Ta-Nehisi Coates Biography
Ta-Nehisi Coates was born on September 30, 1975, and raised in Baltimore, Maryland. His mother was a teacher, and his father was a librarian at Howard University in Washington, D.C., a historically Black institution of higher learning. Such a background ensured that young Ta-Nehisi was exposed to books in his youth, and he aspired early to a literary career. William Paul, Coates’ father, was a Black activist as a member of the Black Panthers. He was also a publisher whose Black Classic Press republished works by African American authors.
In 1993, Coates enrolled to study journalism at Howard. Although he did not graduate, Coates came to view his time at Howard as the core of his intellectual training. In his early 20s, he wrote for a number of periodicals, including The Village Voice, Entertainment Weekly, and O, The Oprah Magazine. He also became a blogger for The Atlantic, which later published some of his most important essays. These articles reflected Coates’ ever-deepening involvement in issues of contemporary race relations. When Coates was 24, he and his partner, Kenyatta Matthews, had a son and named him after Samori Touré (c. 1830–1900), a Mandé war chief who fought against French colonialism in West Africa. The couple married in 2011.

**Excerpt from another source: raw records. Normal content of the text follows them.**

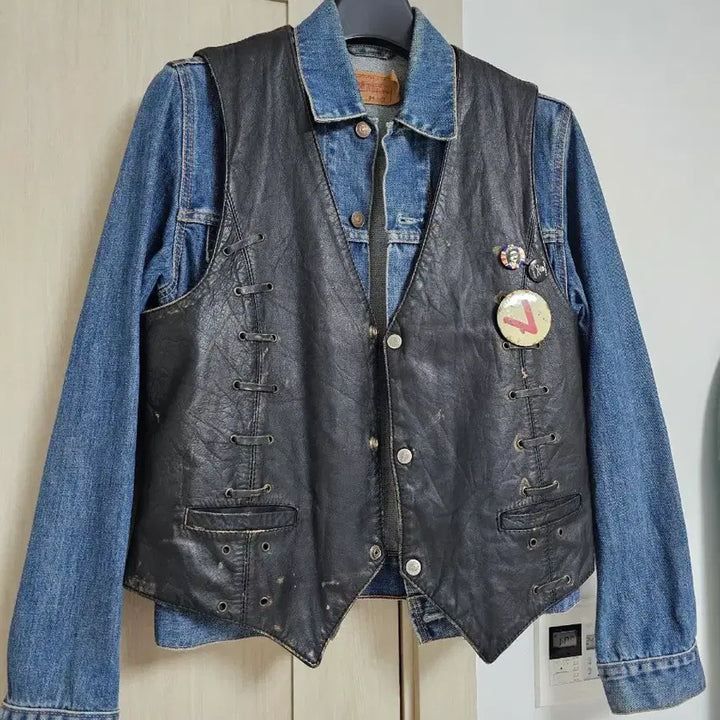 [BUNJANG] Hard Rock Cafe Western Leather Vest / 하드락카페 Hard Rock Cafe 웨스턴 레더 베스트
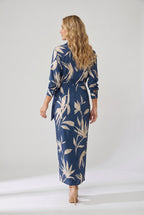 https://cdn.shopify.com/s/files/1/0981/1568/2584/files/womens-dress-leaf-print-maxi-wrap-v-neck__model_03_back.jpg?v=1787074022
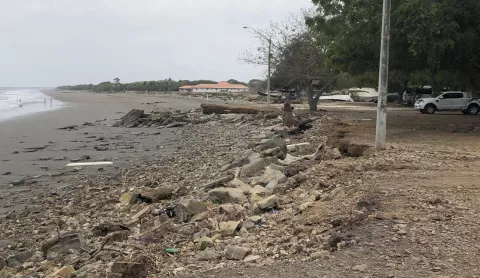 Preocupa avance del mar en playas de Los Santos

In 2008, Coates published his first book, a memoir entitled The Beautiful Struggle. The next several years brought teaching appointments and distinguished awards. He taught at MIT and the City University of New York (CUNY). He received the National Magazine Award in 2013 and won a MacArthur Fellowship; he also won a fellowship for writing in Paris. Coates’ 2015 book Between the World and Me, addressed as a letter to his teenage son, won wide acclaim. In 2019, Coates published his first novel, The Water Dancer, featuring an enslaved young man whose supernatural abilities help power the Underground Railroad. Coates has also authored several comic books featuring Marvel’s Black Panther superhero.